*** Opening of Records for processing ***

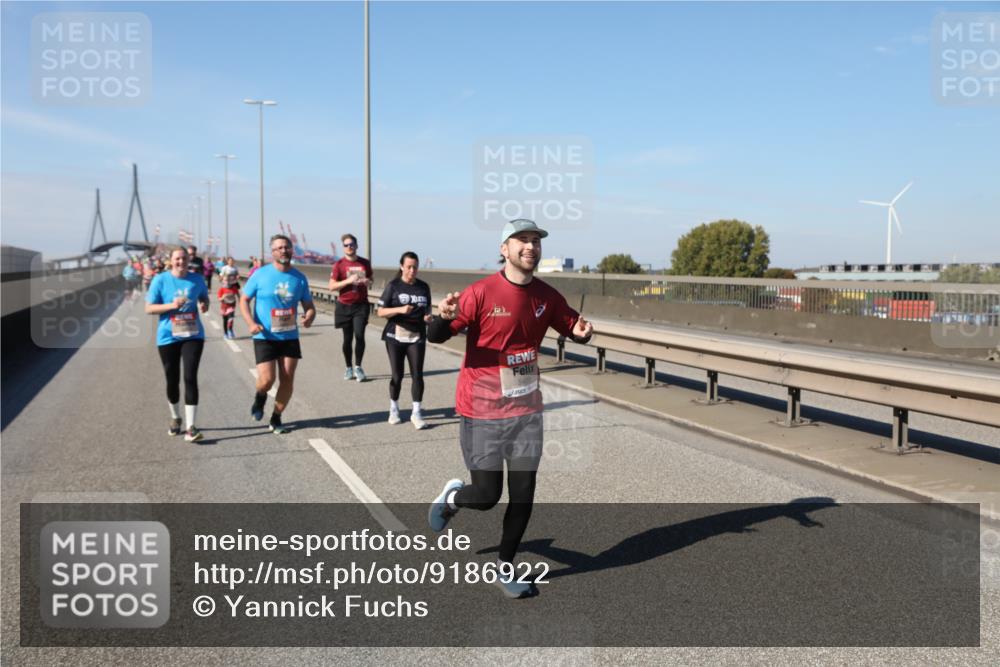 03.10.2025 - Köhlbrandbrückenlauf Yannick Fuchs http://msf.ph/oto/9186922 03.10.2025 12:06:07 Position 3  meine-sportfotos.de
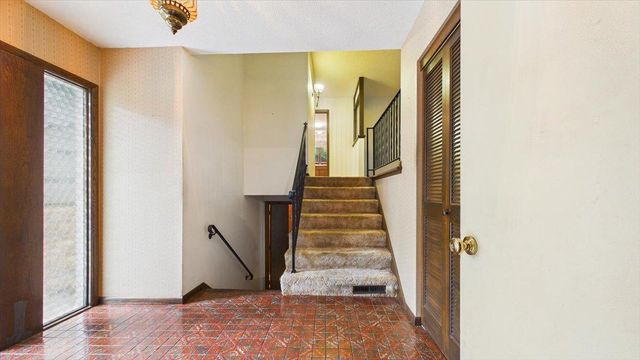 2230 Urbandale Lane N, Plymouth, MN 55447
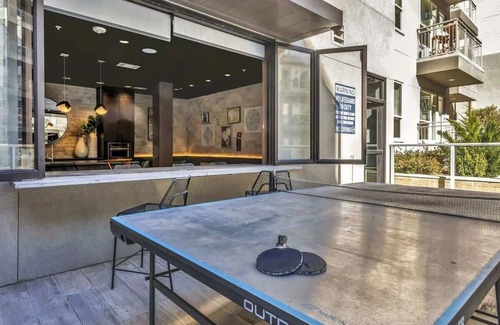 Richardson Apartment | Luxurious 1BR Suite | Pool, Parking, Gym Access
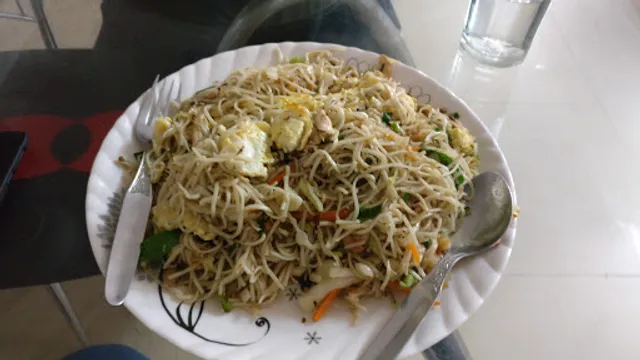 Canton,The Chinese Hub,Multi-cuisine Restaurant.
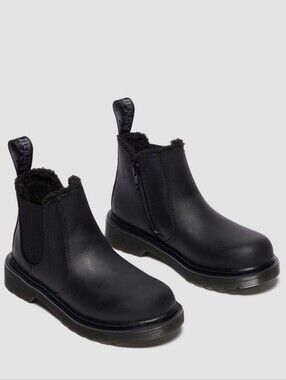 Dr. Martens Leonore Faux Fur Lined Chelsea Junior Ankle Boots Black Size US 5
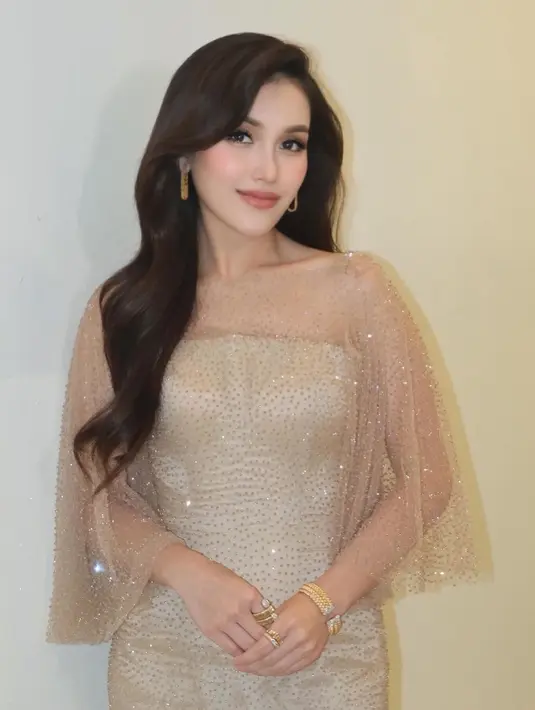 Makeup sendiri, Ayu Ting-Ting nampak flawless dengan pulasan lipstik cokelat muda yang senada dengan gaun [@ayutingting92]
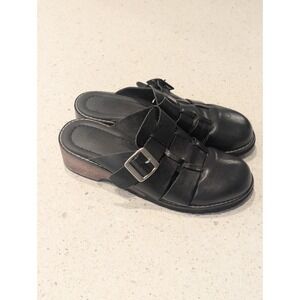 Predictions Leather Women's Size 7 Slip On Leather Black Clogs Fisherman Sandals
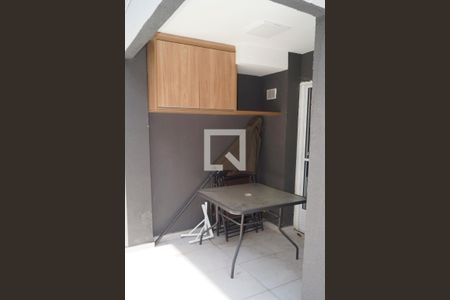 Apartamento para alugar com 30m², 2 quartos e sem vaga Apartamento para alugar com 30m², 2 quartos e sem vagaVaranda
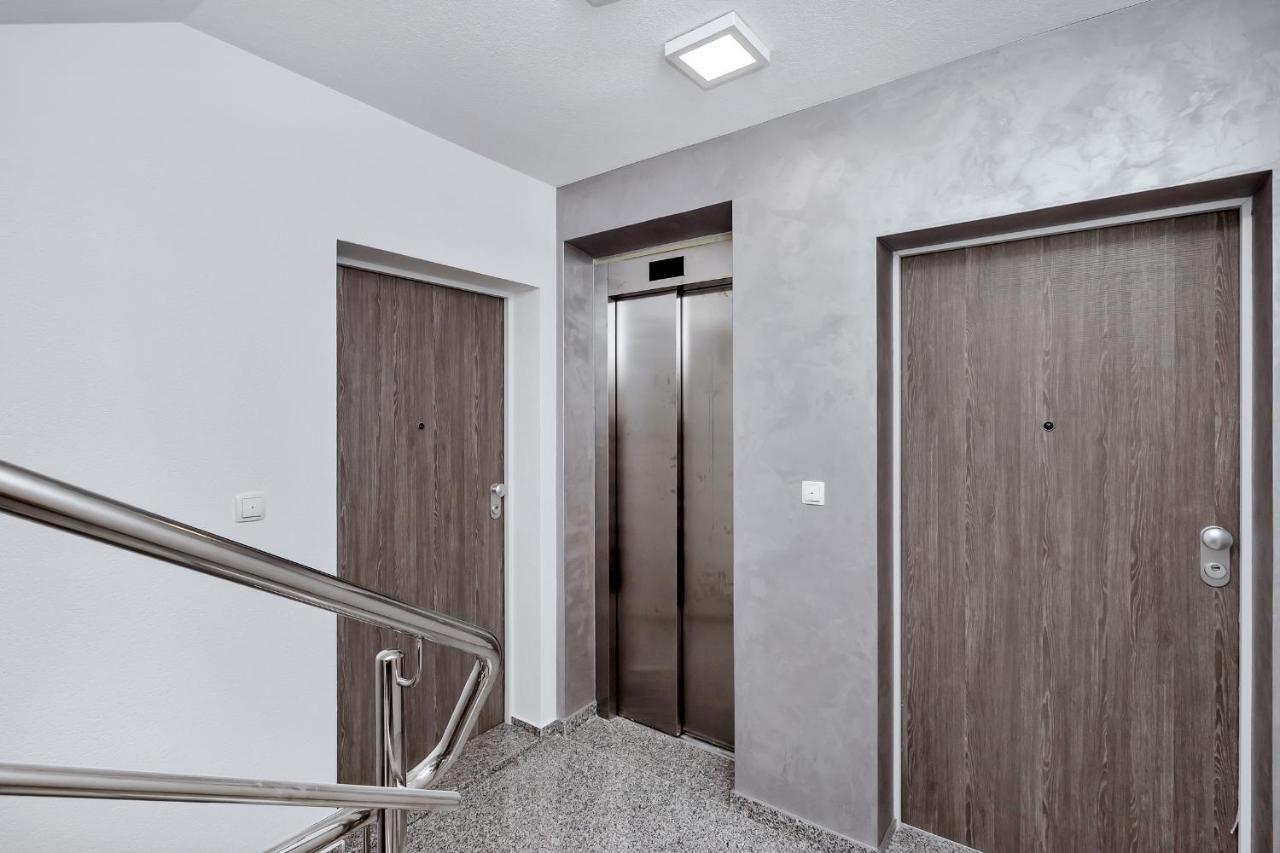 Luxury Apartment Sidro With Free Beach Parking 马卡尔斯卡 外观 照片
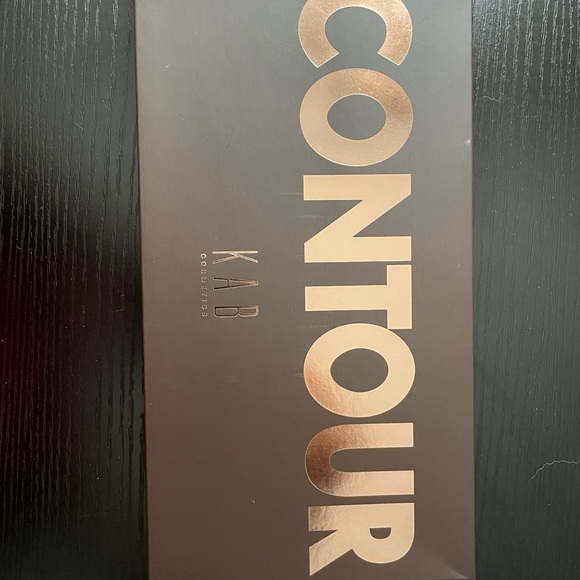 Brand new contour palette - Picture 2 of 2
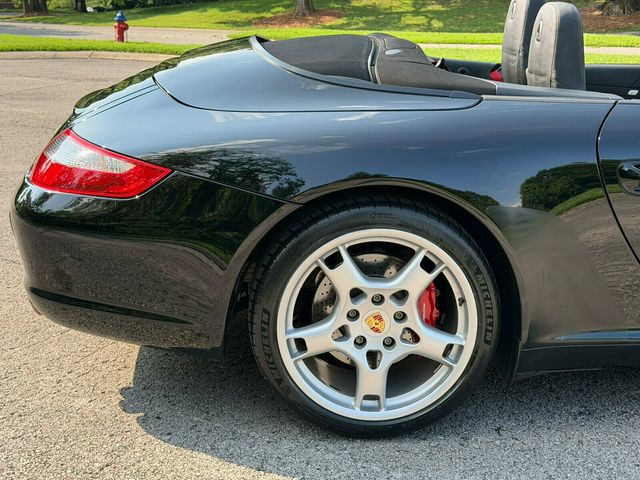 2006 Porsche 911 S/6spd Manual/Sport Chrono Pkg+/Red Belts/Carrera White Dials - 23056234 - 11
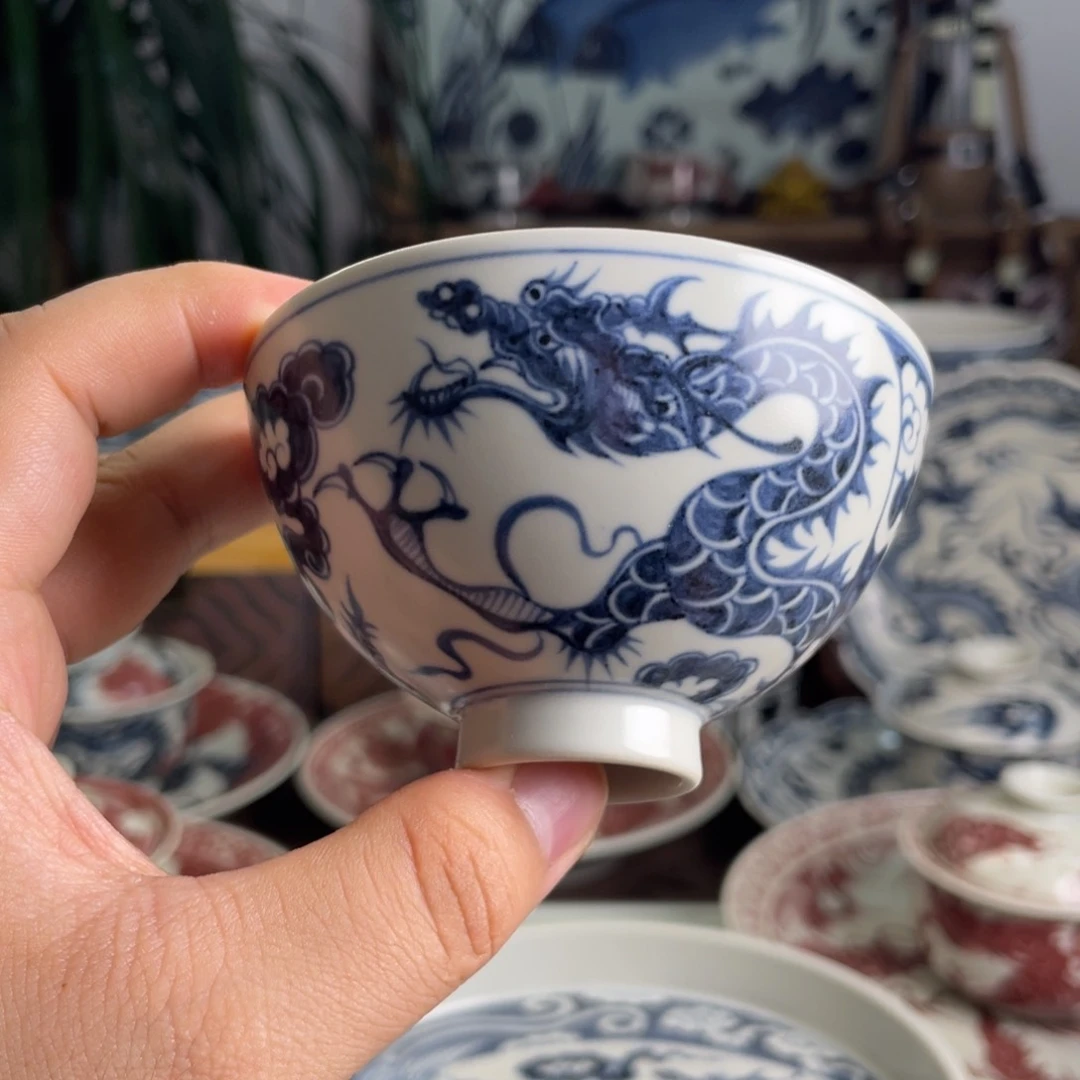 元青花龙凤呈祥杯子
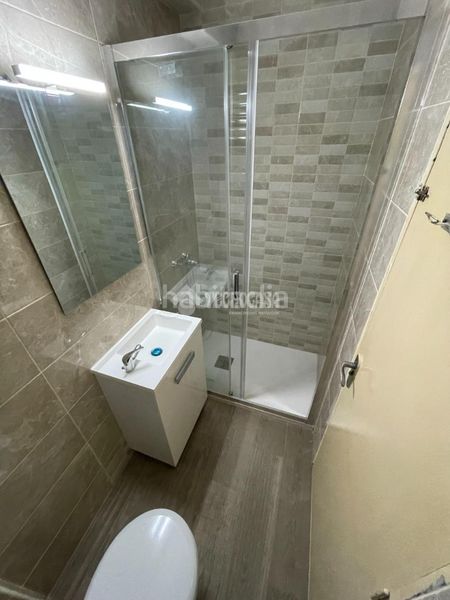 Foto af6dacf3-a9d2-4b9e-b716-641c9281a90f. Piso  en venta en Los Rosales Madrid
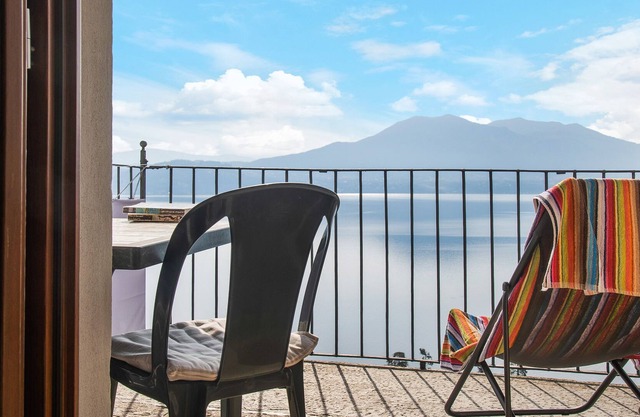 Apartamento "Casale Blu con Vista Lago" con terraza y Wi-Fi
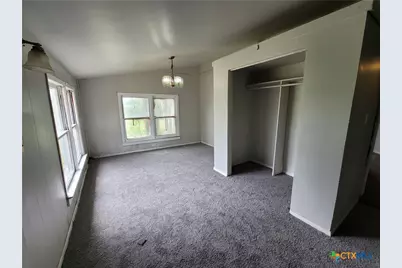 1108 S East Street, Edna, TX 77957 - Photo 13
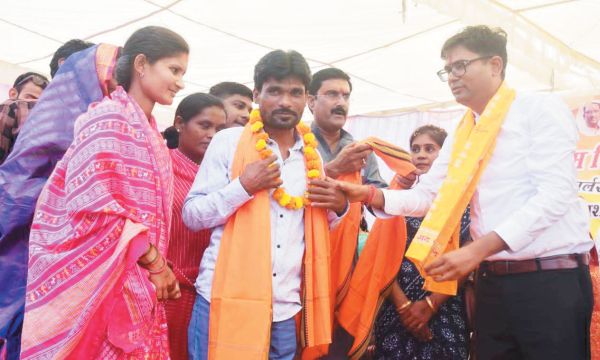 सैकड़ों ग्रामीणों ने वित्त मंत्री के समक्ष किया भाजपा प्रवेश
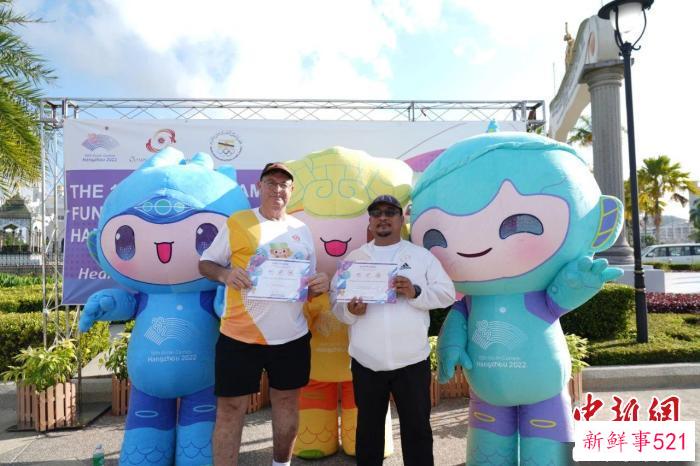 参赛选手与杭州亚运会吉祥物合影。　杭州亚组委供图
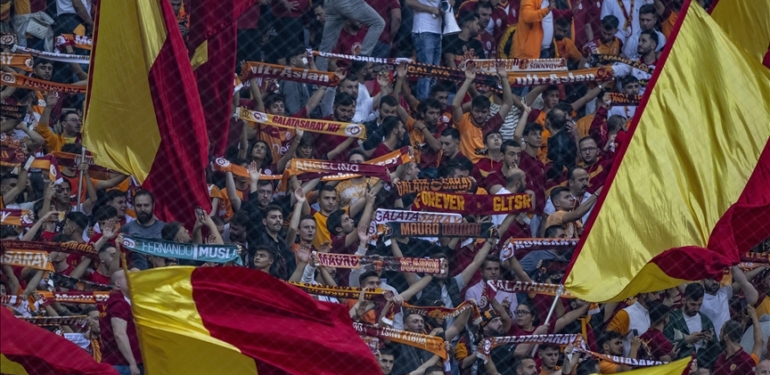 Turk-sporunun-sari-kirmizili-cinari-Galatasaray-118-yasinda.jpg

*** Close of Records for processing ***

### What to do
Omit the pictures and return exactly the lines from the line containing "2230 Urbandale Lane N, Plymouth, MN 55447" through the final line of the material above, both ends included.

### Exercise response
 2230 Urbandale Lane N, Plymouth, MN 55447
 Richardson Apartment | Luxurious 1BR Suite | Pool, Parking, Gym Access
 Canton,The Chinese Hub,Multi-cuisine Restaurant.
 Dr. Martens Leonore Faux Fur Lined Chelsea Junior Ankle Boots Black Size US 5
 Makeup sendiri, Ayu Ting-Ting nampak flawless dengan pulasan lipstik cokelat muda yang senada dengan gaun [@ayutingting92]
 Predictions Leather Women's Size 7 Slip On Leather Black Clogs Fisherman Sandals
 Apartamento para alugar com 30m², 2 quartos e sem vaga Apartamento para alugar com 30m², 2 quartos e sem vagaVaranda
 Luxury Apartment Sidro With Free Beach Parking 马卡尔斯卡 外观 照片
 Brand new contour palette - Picture 2 of 2
 2006 Porsche 911 S/6spd Manual/Sport Chrono Pkg+/Red Belts/Carrera White Dials - 23056234 - 11
 元青花龙凤呈祥杯子
 Foto af6dacf3-a9d2-4b9e-b716-641c9281a90f. Piso  en venta en Los Rosales Madrid
 Apartamento "Casale Blu con Vista Lago" con terraza y Wi-Fi
 1108 S East Street, Edna, TX 77957 - Photo 13
 सैकड़ों ग्रामीणों ने वित्त मंत्री के समक्ष किया भाजपा प्रवेश
 参赛选手与杭州亚运会吉祥物合影。　杭州亚组委供图
 Turk-sporunun-sari-kirmizili-cinari-Galatasaray-118-yasinda.jpg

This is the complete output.